Nanotechnology plays an important roal in semiconductor manufacturing and fabrication. For a range of nanotechnology applications, semiconductor nanowires will need to be grown with high precision and control. Zhou studied the growth of gallium phosphide (GaP) nanowires using chemical vapor deposition within a transmission electron microscope and worked out conditions that could generate regular and predictable wire growth.

“I have been highly interested in science ever since I studied at junor high school, and I like to conduct experiments.” Zhou said in an earlier report.

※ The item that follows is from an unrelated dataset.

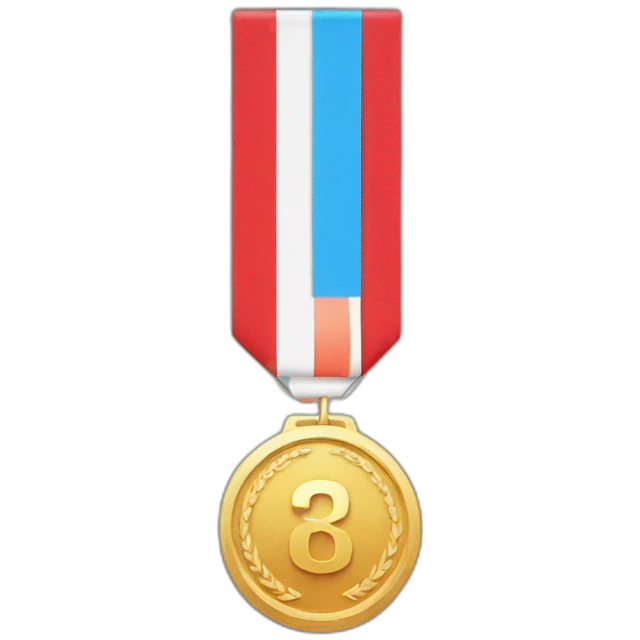 4th place medal emoji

According to Science magzine, in the growth of nanoscale device structures, the ultimate goal is atomic-level precision. By growing III-V nanowires in a transmission electron microscope, which measured the local kinetics in situ as each atomic plane was added at the catalyst-nanowire growth interface by the vapor-liquid-solid process.

However, during growth of gallium phosphide nanowires at typical V/III ratios, Chou's team found surprising fluctuations in growth rate, even under steady growth conditions. They correlated these fluctuations with the formation of twin defects in the nanowire, and found that these variations can be suppressed by switching to growth conditions with a low V/III ratio.

Moreover, they derive a growth model showing that this unexpected variation in local growth kinetics reflects the very different supply pathways of the V and III species. The model explains under which conditions the growth rate can be controlled precisely at the atomic level.

Silicon nanowires have been widely used nowadays, this research found out that III-V nanowires better than silicon nanowires, which makes 3C products more compact, efficient, and conserve electricity. III-V nanowires are likely to be put into practice years from now.